Success rate of CR, defined as successful if the endobronchial tumour mass could be ablated so that either drainage of secretion or reduced airway stenosis led to an improvement in the patient's condition and symptoms. CR was not successful if the primary goal of the intervention (i.e. target bronchus reopening) could not be reached.

Safety: severity of bleeding, need for a rescue operation, or prolonged mechanical ventilation >2 hours after the intervention.

Statistical methods

Descriptive statistics used for patient population. No statistical analysis.

Patients included

225 patients, 156 men (69.3%); mean age 63.9±12.9 years (range 19–83 years); 193 (85.8%) inpatients.

Results

197/225 (87.6%) had malignant airway stenosis; 147 (74.6%) had lung cancer.

CR was successful in 205/225 patients (91.1%).
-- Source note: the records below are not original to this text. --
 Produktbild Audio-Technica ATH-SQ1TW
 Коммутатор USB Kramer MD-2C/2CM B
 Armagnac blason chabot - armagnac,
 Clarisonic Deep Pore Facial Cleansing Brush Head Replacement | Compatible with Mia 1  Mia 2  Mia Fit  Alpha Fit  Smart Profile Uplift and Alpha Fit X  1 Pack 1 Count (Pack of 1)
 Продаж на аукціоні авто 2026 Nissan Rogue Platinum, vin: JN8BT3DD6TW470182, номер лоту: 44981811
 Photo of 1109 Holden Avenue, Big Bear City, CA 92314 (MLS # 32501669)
In 20 patients (8.9%), the intervention was not successful and did not reopen the obstructed bronchus. The main reason for unsuccessful interventions was longer length of the complete bronchial obstruction.

Most of the interventions were done only with the flexible technique (194 patients). Additional techniques were used in 48 patients: 37 (16.4%) had APC and 11 (4.9%) had stent implantation.
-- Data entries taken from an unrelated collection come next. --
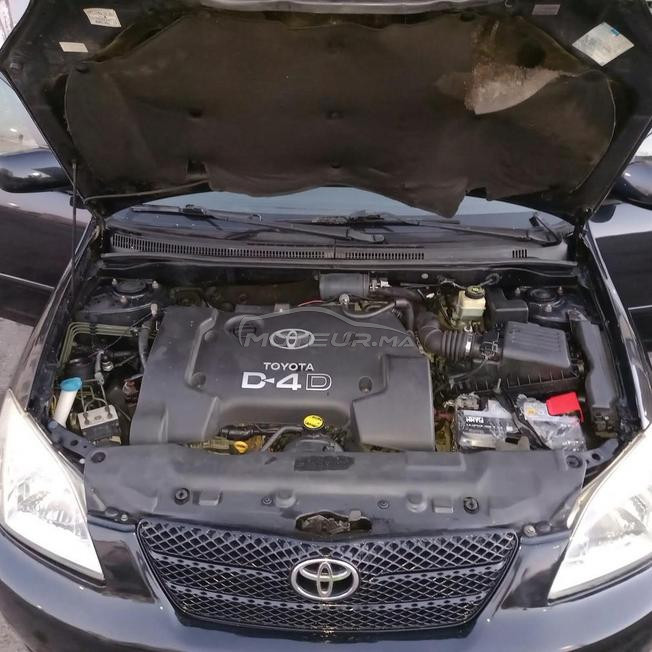 toyota corolla tres bien entretenue 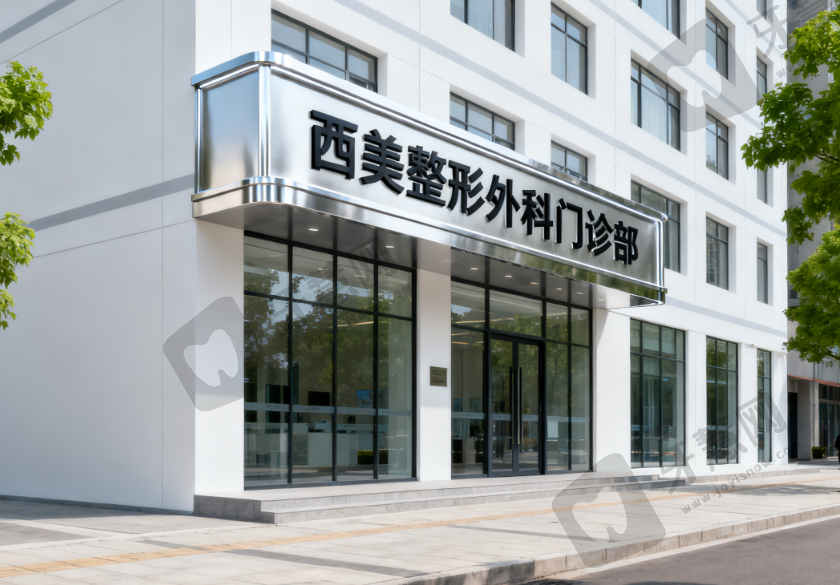 西安西美整形外科门诊部(原碑林西京医院)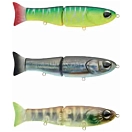 Купить Sakura SAPLC5053170-159 S-Shiner Скользящая Приманка 170 mm 62g Многоцветный 159 7ft.ru в интернет магазине Семь Футов
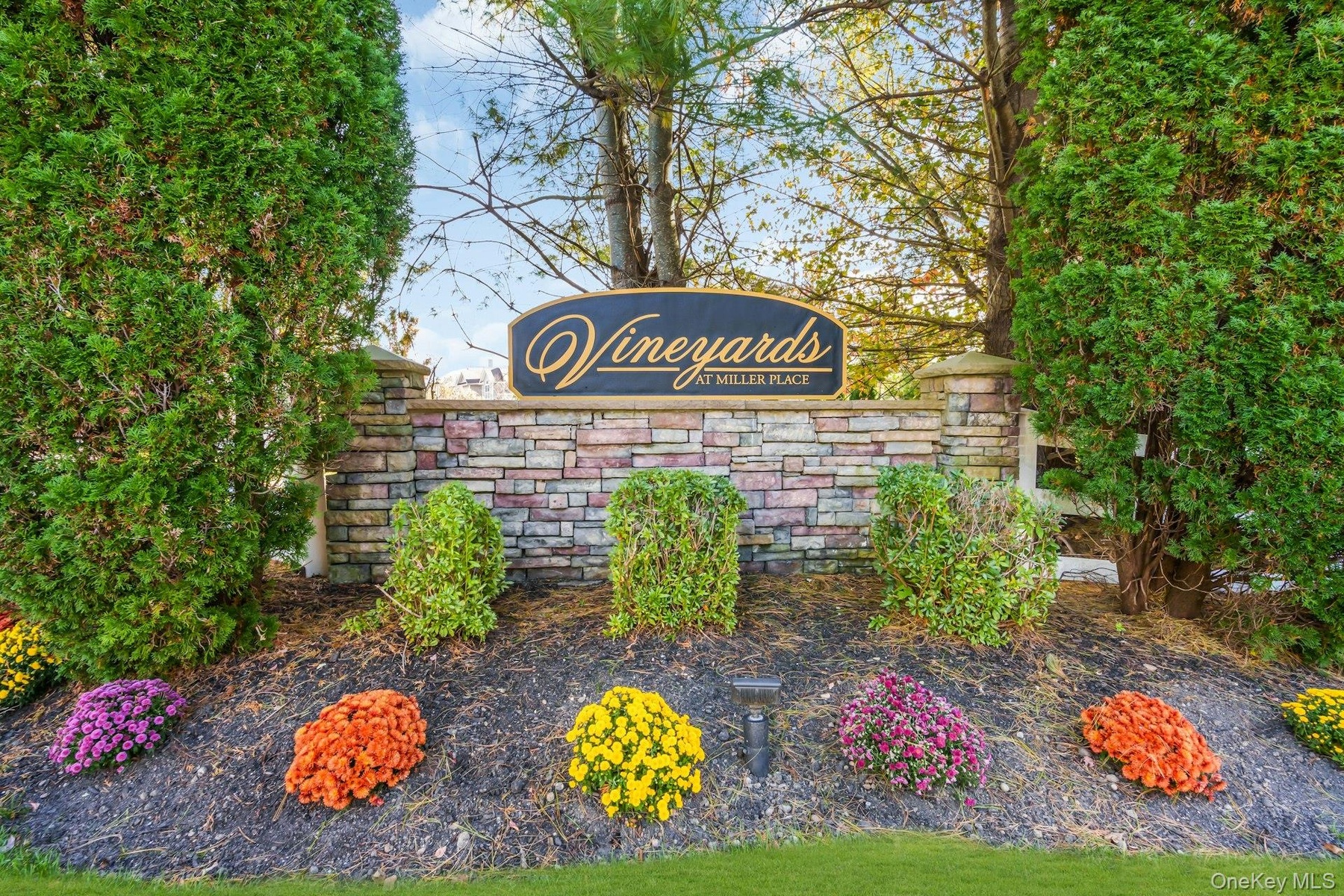 Entrance of Community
Bleeding complications occurred in 27 (12%) patients. Bleeding was defined as mild if the application of cold NaCl 0.9% solution (2–4ºC) or epinephrine solution (1 mg/10 ml saline water) applied topically was sufficient to stop bleeding (9 patients experienced mild bleeding). Bleeding was defined as moderate if additional techniques (APC or a bronchus blocker) had to be used (18 patients experienced moderate bleeding).

Conclusions

CR was successful in most patients.

Abbreviations: APC, argon plasma coagulation; CR, cryorecanalisation; G/litre, giga per litre (109 cells/litre); NaCl, sodium chloride.